» WORK INSTRUCTIONS: For the records below, copy exactly the span that begins at the line containing "Leder-Sandalen FREJA in rot" and stops after the line containing "ミニカー　1/43 アストン マーティン", minus any pictures.

» EXTRACTED RECORDS:

++++++++++++++++++++

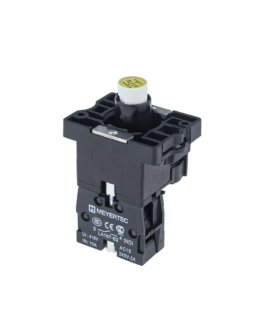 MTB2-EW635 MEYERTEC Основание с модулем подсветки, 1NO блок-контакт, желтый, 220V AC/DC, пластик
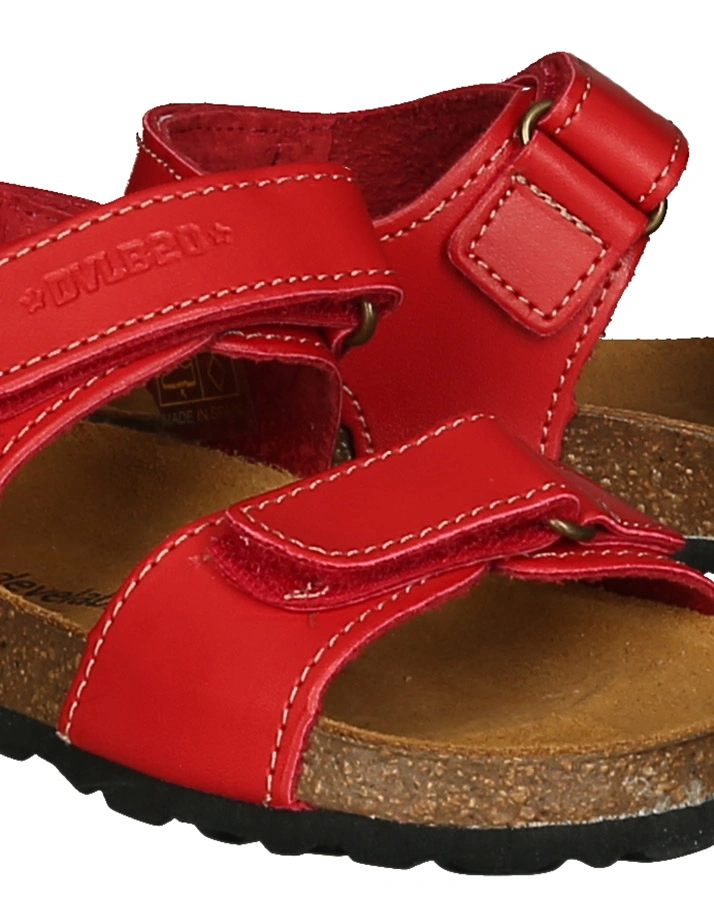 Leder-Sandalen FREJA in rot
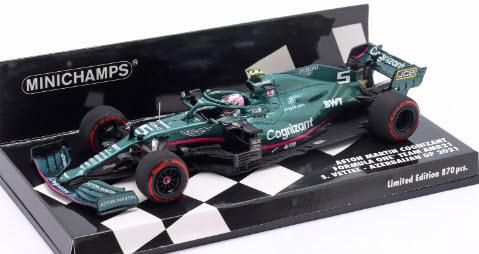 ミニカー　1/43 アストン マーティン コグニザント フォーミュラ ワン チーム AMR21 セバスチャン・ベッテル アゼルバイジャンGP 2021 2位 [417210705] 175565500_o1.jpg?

++++++++++++++++++++

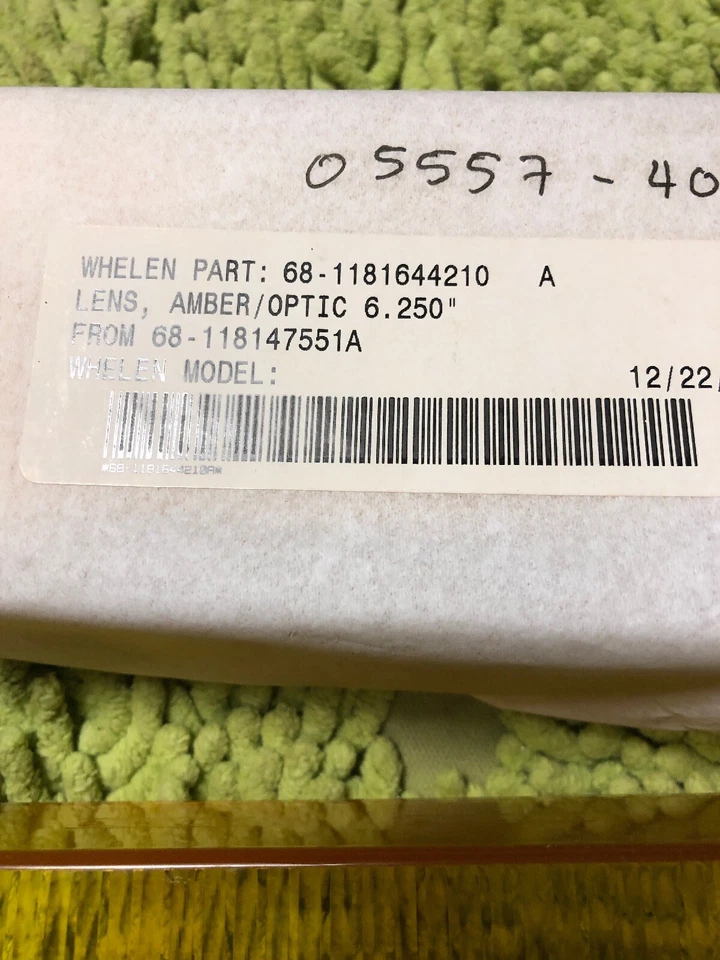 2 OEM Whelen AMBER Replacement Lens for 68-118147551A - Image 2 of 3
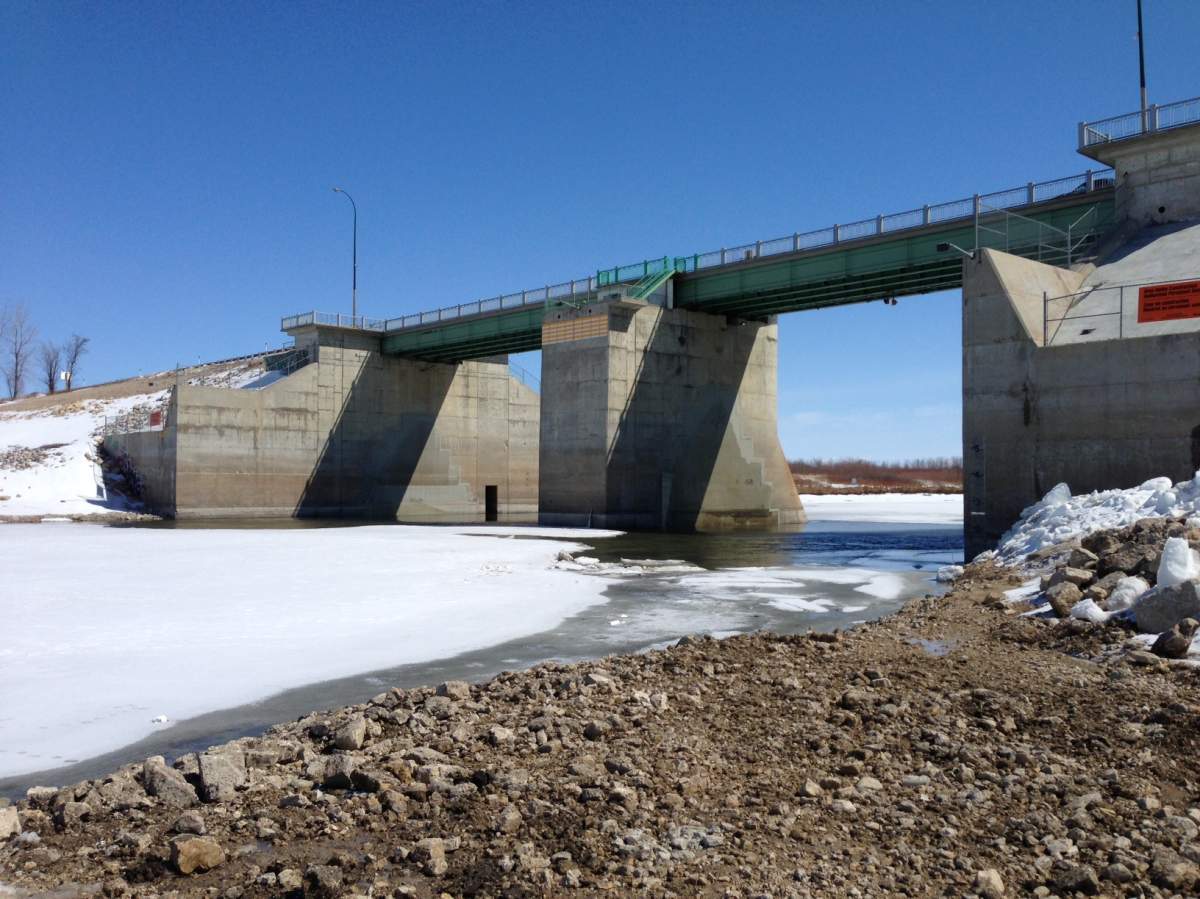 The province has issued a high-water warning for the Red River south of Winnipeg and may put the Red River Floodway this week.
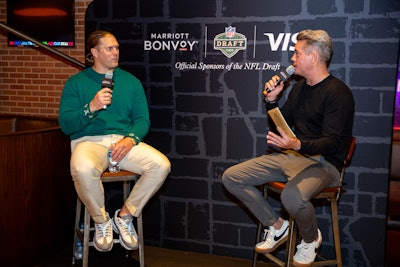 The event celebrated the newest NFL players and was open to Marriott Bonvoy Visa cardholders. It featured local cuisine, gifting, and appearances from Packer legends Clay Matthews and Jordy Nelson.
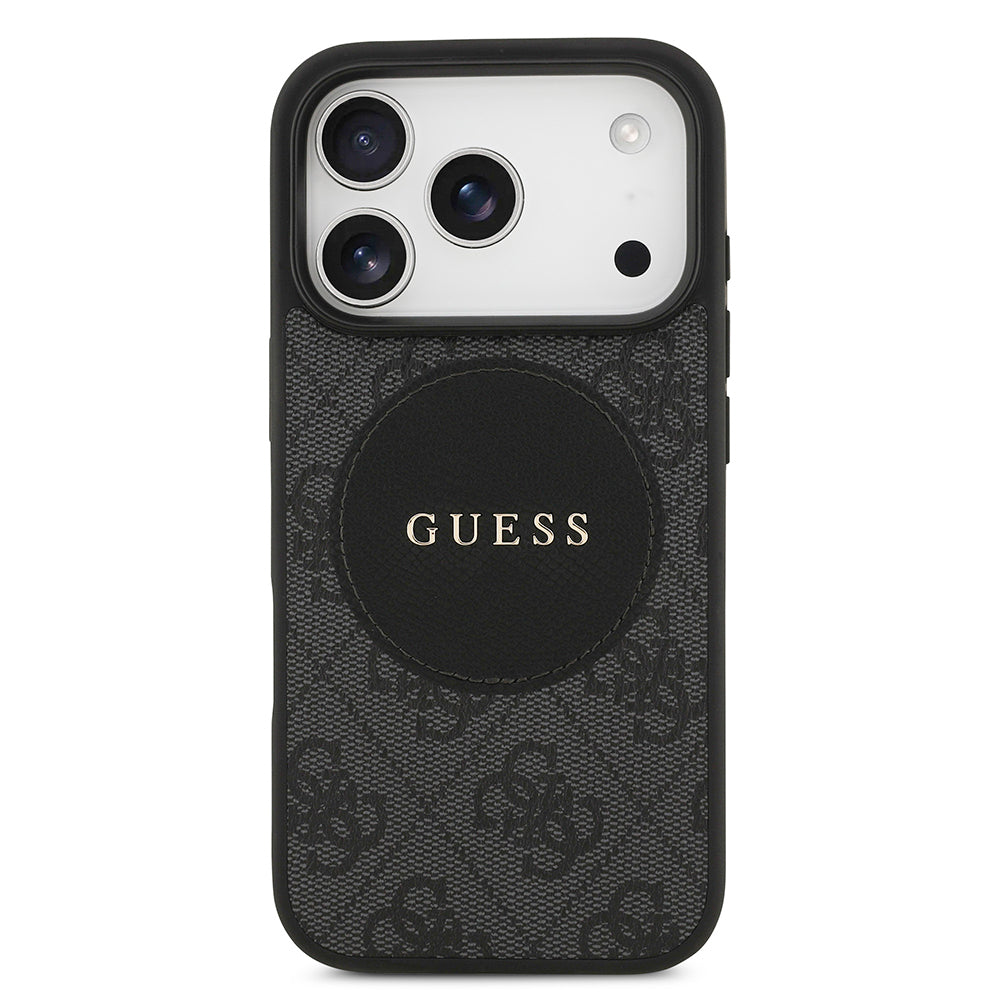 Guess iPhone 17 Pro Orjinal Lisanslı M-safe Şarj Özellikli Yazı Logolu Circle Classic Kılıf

++++++++++++++++++++

» EXPECTED ANSWER:
 Leder-Sandalen FREJA in rot
 ミニカー　1/43 アストン マーティン コグニザント フォーミュラ ワン チーム AMR21 セバスチャン・ベッテル アゼルバイジャンGP 2021 2位 [417210705] 175565500_o1.jpg?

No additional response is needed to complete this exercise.